Concordia's Thursday Report

Vol. 28, No.12

March 18, 2004


Club Lido, all that jazz


Logo of Club Lido

Promotional brochure for Club Lido, 1935. Joe Bell Scrapbook, University Archives, 2.p13a.

Club Lido was a popular upscale nightclub at 1258 Stanley St. with a very active and ever-changing program of beautifully staged cabaret floorshows featuring dancers, novelty acts, and singers.

Club Lido prided itself on having beautiful facilities, modern air conditioning, with fine dining. It offered a large selection of cocktails, fizzes, sours, mixed drinks, and cordials that were popular in the 1930s.

The exterior marquee was a distinctive landmark, and it remains so to this day. The site would later be taken over by Chez Paris, another very popular Montreal nightclub, and it is currently the Chez Paree, a strip club and casino.

Photo of Jazz dancers

Publicity photograph of the Kramer Dancers, ca 1945. The dedication reads: To Al Palmer with best wishes, The Kramer Dancers, and the photo is by Gaby of Montreal (Al Palmer Fonds, Concordia University Archives, P-084-02-01).

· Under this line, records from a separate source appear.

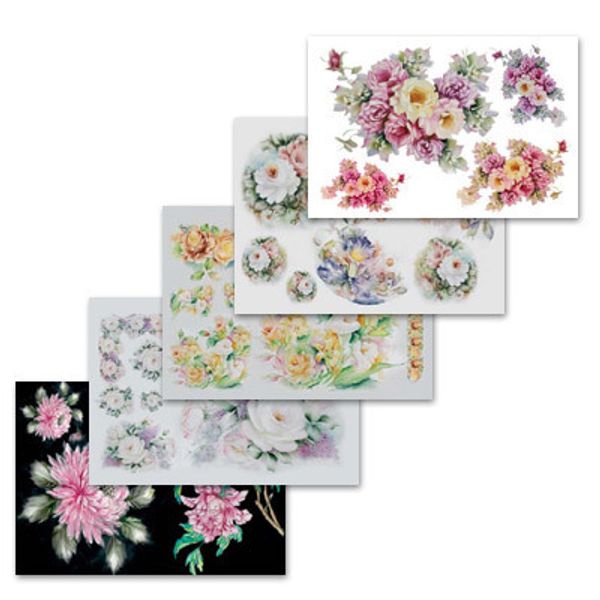 Бумага для декупажа Mini Soft Paper Ассорти 25х35 см, 10 шт, 5 Цветочная мелодия (98730, 98732, 98738, 98729, 98653), To-Do
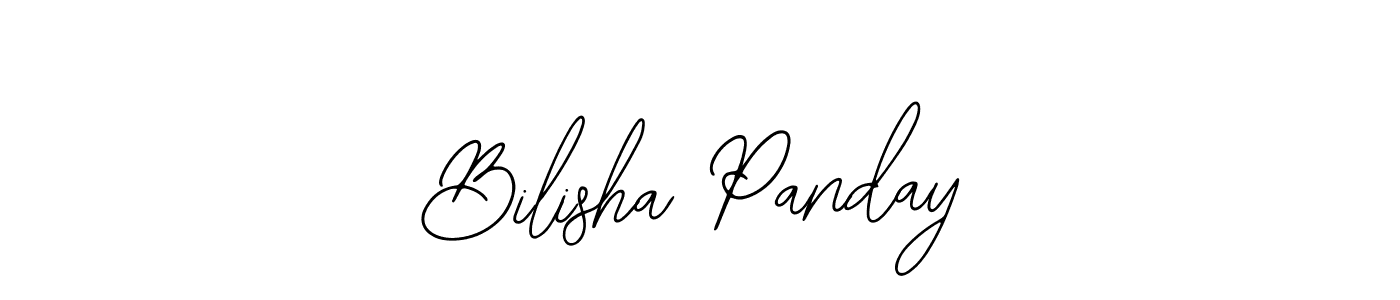 if you are searching for the best signature style for your name Bilisha Panday. so please give up your signature search. here we have designed multiple signature styles  using Bearetta-2O07w. Bilisha Panday signature style 12 images and pictures png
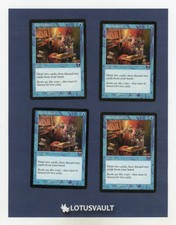 MTG - Odyssey: Careful Study (x4) [LV3532]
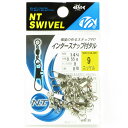 【 まとめ買い20個セット 】 「NTスイベル インタースナップ付タル サイズ:9 入数:8 ニッケル」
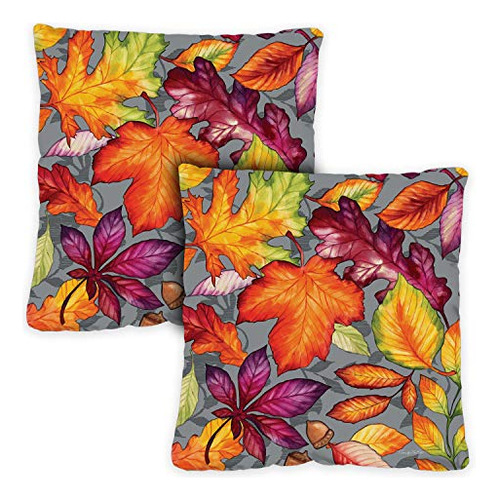 761307 Set Of 2 Autumn Welcome Fall Pillow Covers 18x18...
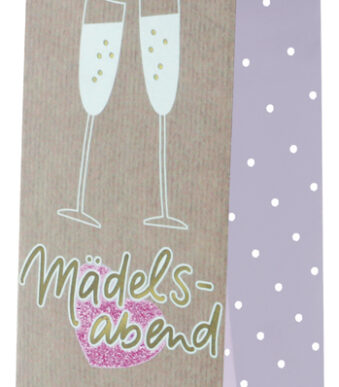SUSY CARD Flaschentüte 'Mädelsabend', für 1 Flasche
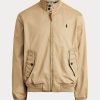 Hnědé pánské bundy Ralph Lauren Chino Hnědé pánské bundy Ralph Lauren Chino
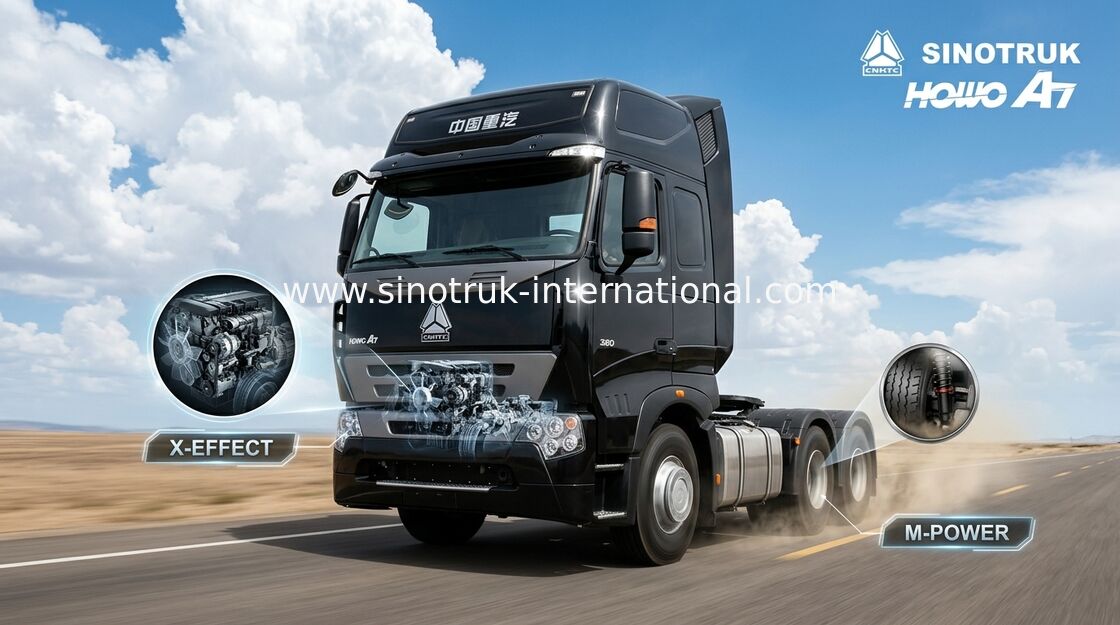 6 × 4 Xe đầu kéo Xe đầu kéo 60-70 tấn Sức tải lớn, IFA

Running concurrently with the Beder show is Montreal Jazz + Clubs, an exhibition of rare photos and memorabilia from the same era, all from the unique collection of Montreal jazz history materials in the Concordia Archives and curated by Archivist Nancy Marrelli. They are in the mini-gallery behind the main gallery space.

The photo at right illustrates the typical styles of the dancers who appeared in floorshows and as featured performers in Montreal nightclubs in the 1940s. The photograph is one of the publicity photos found in the files of journalist Al Palmer, documenting Montreal nightlife beginning in the 1940s.

Al Palmer (1913-1971) was a police reporter, columnist, and writer-about-town who wrote for the Montreal Herald and the Montreal Gazette. He also wrote for magazines and published two books. From 1947 to 1969 Al Palmer wrote gossipy and colourful columns that chronicle the Montreal after dark.

Shirley O'Neil Marchessault donated Al Palmer’s files to the Concordia University Archives in 1993. The files comprise scrapbooks containing all his published columns and articles, brochures and his research, as well as over 300 photographs, many of them publicity photographs provided by entertainers visiting or performing in Montreal. Many of the photos are signed to Palmer with personal greetings.